In situ Combustion (ISC) [1,2,3] is a heavy oil production method that has seen significant experimental breakthroughs. The ISC method heats the oil layer by combusting heavy components, resulting in a series of temperature zones within the formation that decrease from high to low [4,5]. Research on fire-drive mechanisms has been extensively conducted since the 1960s [6,7]. Field tests have yielded positive results, thereby establishing a relatively comprehensive supporting technology. Recent research has predominantly concentrated on the attributes of reservoir zones in high-temperature fire flooding [8], the kinetics of crude oil oxidation at elevated temperatures [9], the procedure and oxidation characteristics of coke deposition [10,11], and the examination of well patterns in high-temperature fire flooding [12]. The oxidation characteristics of oxygen and crude oil exhibit significant variations across different temperature zones [8]. Techniques such as Thermogravimetric Analysis (TG) [13], Differential Scanning Calorimetry (DSC) [14], and Pseudo-component Preparation [15] are commonly used to scrutinize the oxidation characteristics of heavy oil. China has undertaken successive fire-flooding pilot tests in various oil fields [16,17,18]. Notably, the Liaohe oil field commenced fire flooding application tests in block D in 2005. The Liaohe D block, situated southwest of the Shuguang oilfield, is part of the middle section of the western depression oblique slope within the Liaohe Depression Basin’s western depression basin. The crude oil in this block is a typical thin interlayer ordinary heavy oil reservoir, with typical lake sedimentation and delta sedimentation characteristics. Liao et al. [19] investigated the pyrolysis of Liaohe crude oil and tar sand bitumens utilizing gold tubes. Pan et al. [20] performed a quantitative analysis of asphaltenes precipitated from crude oils of varying biodegradation degrees using Py-GC and THM-GC techniques. It was found that heavily biodegradable Liaohe crude oil began to thermally decompose at lower temperatures, preferentially cracking out hydrogen components such as normal and branched alkanes.

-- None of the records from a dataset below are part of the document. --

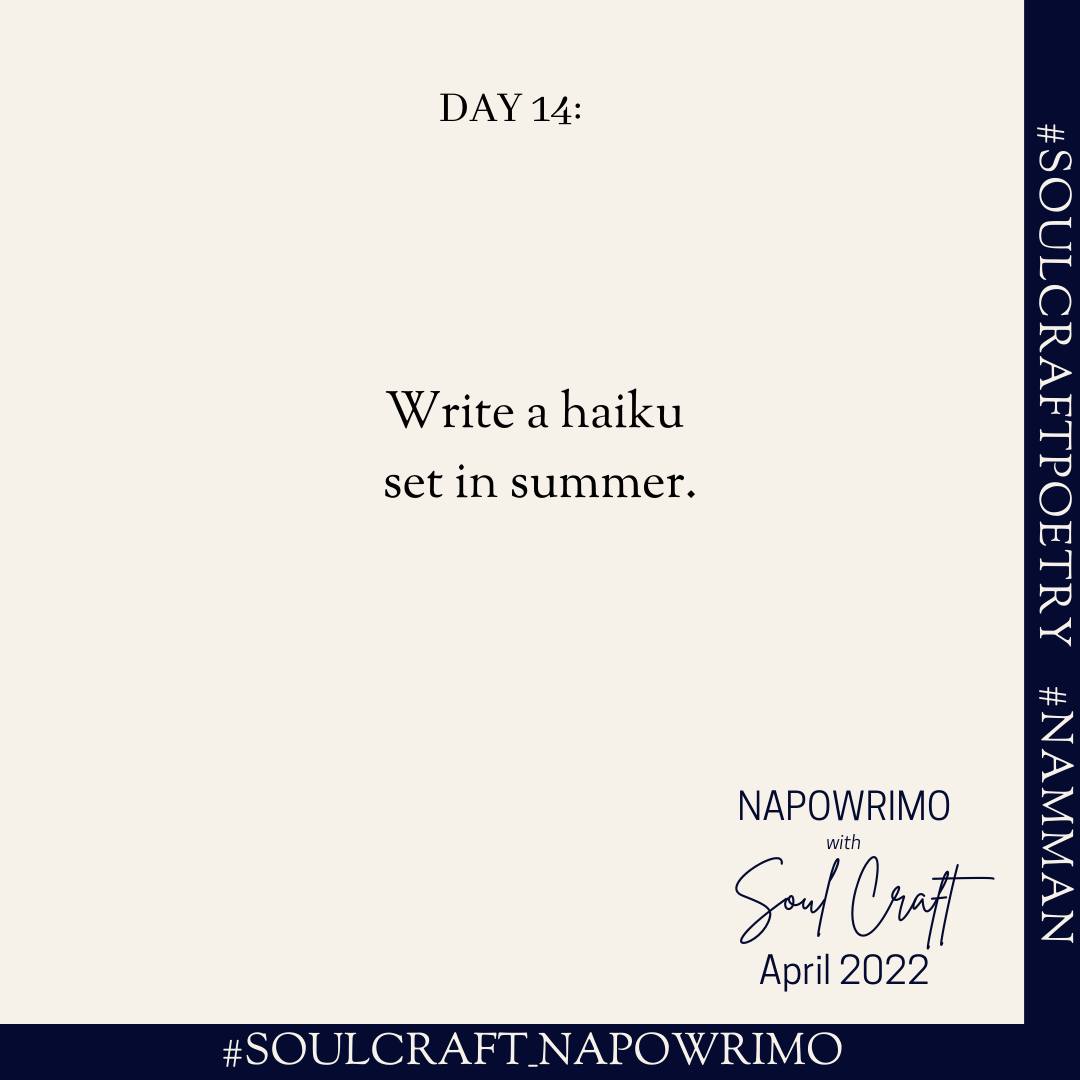 Summer Scenes – A Haiku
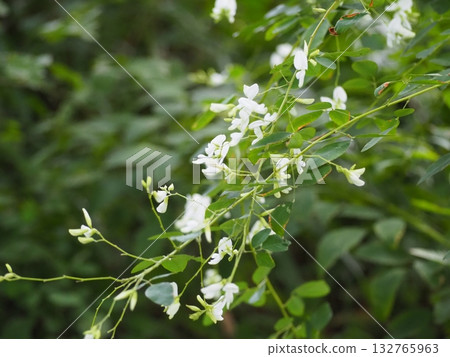 白馬 白馬 132765963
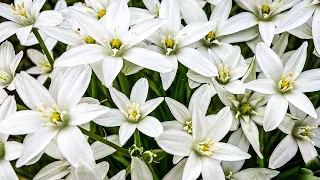 Unpretentious perennial flower - a starry scattering of white inflorescences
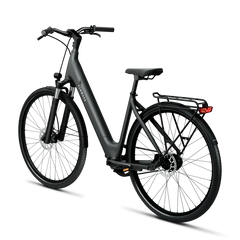 TENWAYS CGO800S Electric Bike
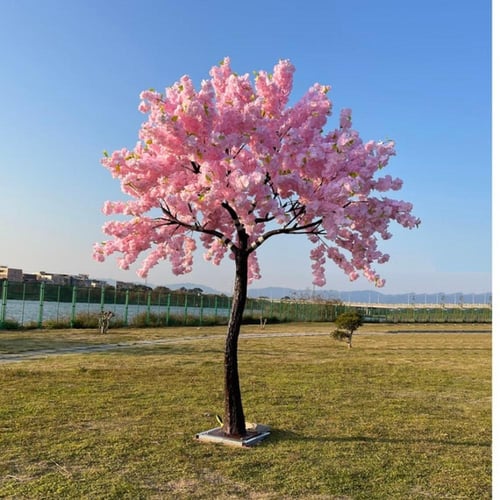 بذور شجرة ساكورا (الكرز اليابانية) Prunus serrulat...
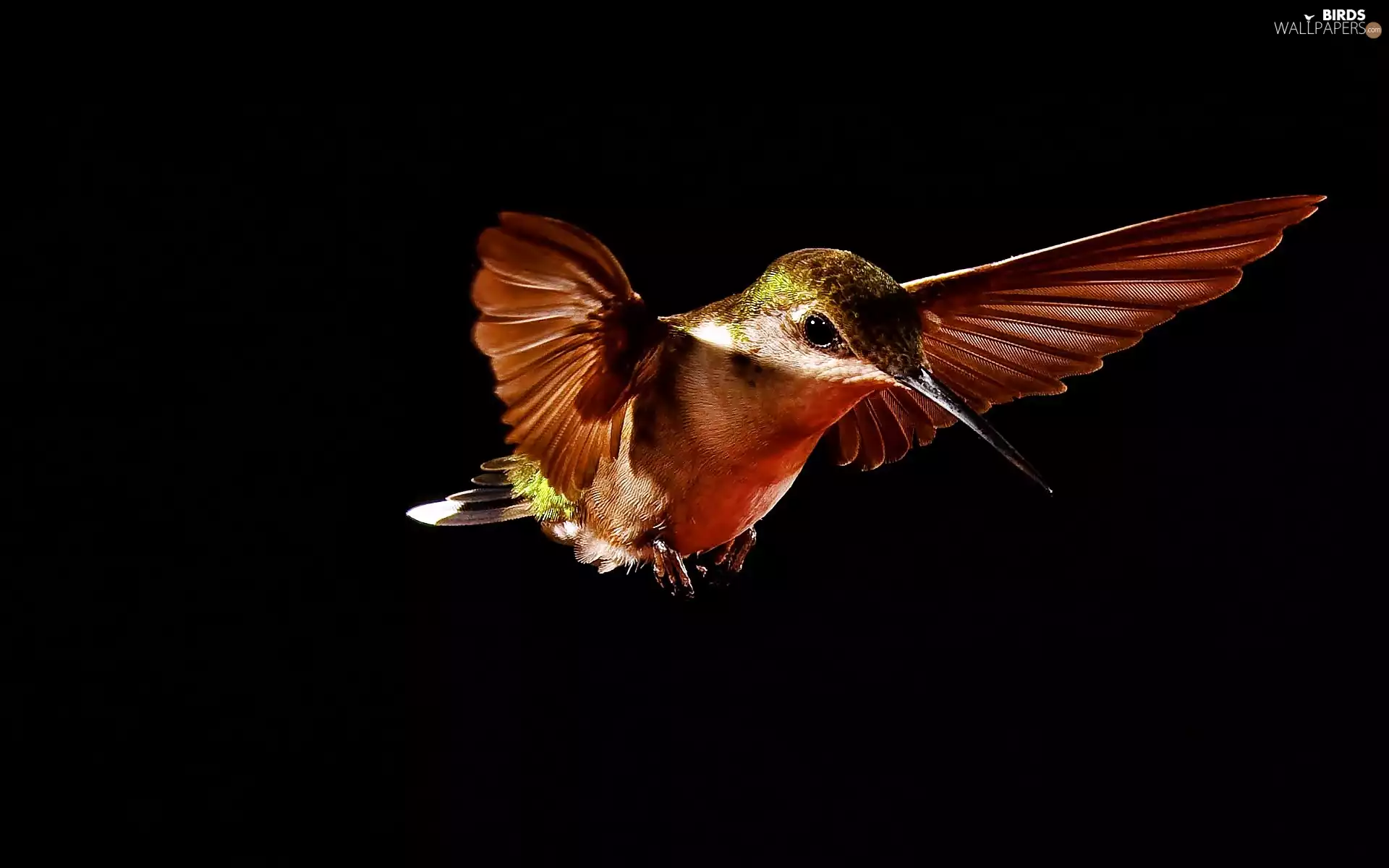humming-bird, in the air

The chemical composition of crude oil is intricate, necessitating extensive pretreatment steps for component separation. Hashemi-Nasab et al. [21] classified oil wells in Iran using gas chromatography analysis (GC) and Fourier transform infrared spectroscopy (FT-IR) fingerprinting. Sviridenko et al. [22] studied the composition of saturated compounds and aromatic compounds in both pre-and post-catalytic cracking of heavy oil from the Mordovo-Karmalskoye oilfield utilizing gas chromatography–mass spectrometry (GC–MS). Lelevic et al. [23] utilized two-dimensional comprehensive gas chromatography to quantitatively analyze hydrocarbons in gas oils. While these chromatographic techniques have improved the qualitative capacity of separation, they remain limited to analyzing only a subset of crude oil components. The effective separation of certain mixtures from crude oil remains challenging. However, with advancements in separation technology, high-resolution mass spectrometry [24] and its combined technologies [25] have emerged as crucial analytical tools for separating and identifying crude oil due to their simultaneous time–space separation and in situ detection capabilities. Therefore, it is essential to thoroughly investigate the micrographic changes in air-flooded crude oil properties and conduct a comprehensive examination of the changes in chemical composition to facilitate the identification of various stages of the oxidation reaction. Analyzing chromatographic fingerprint scans can only confirm that the components of fire-flooded crude oil have undergone significant changes [26]; it cannot directly evaluate the specific high-temperature processes involved in crude oil or reflect the combustion characteristics of fire inundation at different temperature stages.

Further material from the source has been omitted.